Note that, we’re implementing the actual algorithm here, not using any library to do the most of the tasks, we’re highly relying on the Math only.

The notebook is based on the following resources:
- [Text Summarization using TF-IDF](https://towardsdatascience.com/tf-idf-for-document-summary-7c7f91b3bb0c)

The notebook uses the following libraries:
- [NLTK](https://www.nltk.org/): Natural Language Toolkit
- [Pandas](https://pandas.pydata.org/): Data Analysis Library
- [Numpy](https://numpy.org/): Scientific Computing Library`

## Term Frequency
Term Frequency (TF) is a measure of how frequently a term occurs in a document. It is calculated as the number of times a term appears in a document divided by the total number of terms in the document.

$$TF(t) = \frac{Number\ of\ times\ term\ t\ appears\ in\ a\ document}{Total\ number\ of\ terms\ in\ the\ document}$$

## Inverse Document Frequency
Inverse Document Frequency (IDF) is a measure of how important a term is. It is calculated as the logarithm of the total number of documents divided by the number of documents containing the term.

$$IDF(t) = \log\left(\frac{Total\ number\ of\ documents}{Number\ of\ documents\ with\ term\ t\ in\ it}\right)$$

## TF-IDF
Term Frequency-Inverse Document Frequency (TF-IDF) is the product of TF and IDF. It is used to identify the importance of a term in a document relative to a collection of documents.

$$TF-IDF(t) = TF(t) \times IDF(t)$$

## Evaluation whether it is overfitting or not
- The algorithm is evaluated on the provided test data.
- The algorithm is evaluated based on the following metrics:
    - ROUGE-1
    - ROUGE-2
    - ROUGE-L

### Rouge-1
ROUGE-1 refers to the overlap of unigrams between the system and reference summaries.


### Rouge-2
ROUGE-2 refers to the overlap of bigrams between the system and reference summaries.

### Rouge-L
ROUGE-L is based on the longest common subsequence (LCS).

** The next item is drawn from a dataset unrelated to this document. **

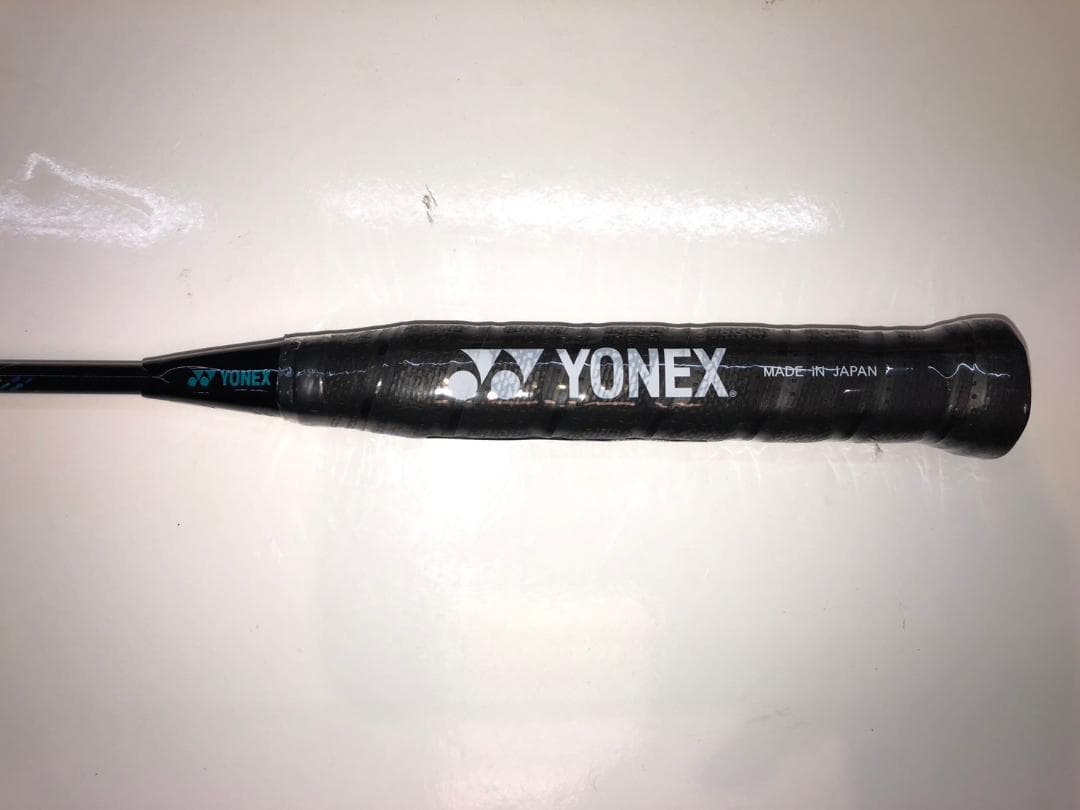 ヨネックス バドミントンラケット アストロクス 88S プロ 4U6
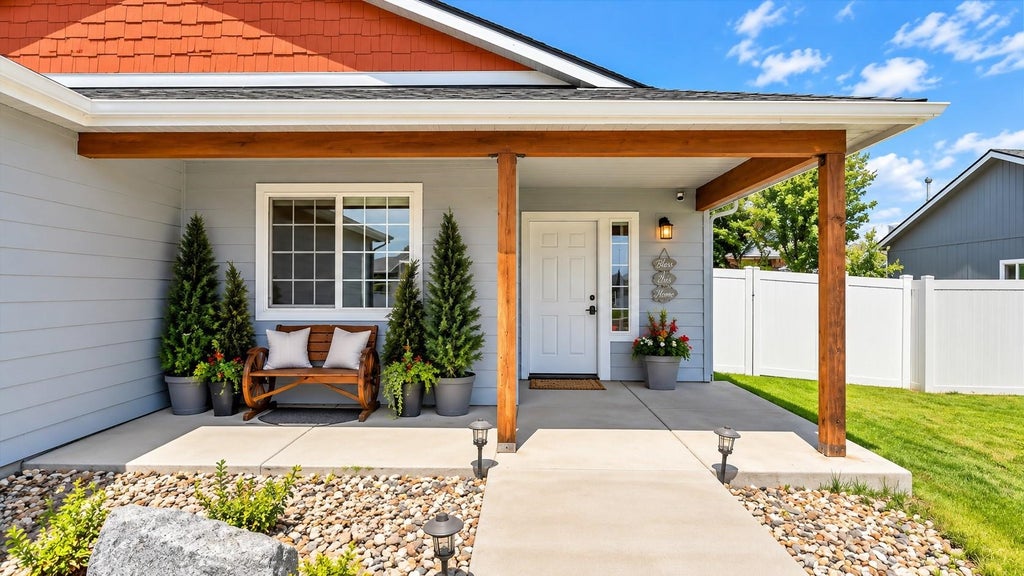 Photo of 1609 E Marilyn Cir, Deer Park, WA 99006 (MLS # 202623239)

One advantage of using LCS is that it does not require consecutive matches but in-sequence matches.

### Overfitting
The algorithm is considered overfitting if the ROUGE scores are significantly higher on the training data compared to the test data.

#### Example
Consider the following example:
Consider a document containing 100 words wherein the word 'cat' appears 3 times. The term frequency (TF) for 'cat' is then (3 / 100) = 0.03. 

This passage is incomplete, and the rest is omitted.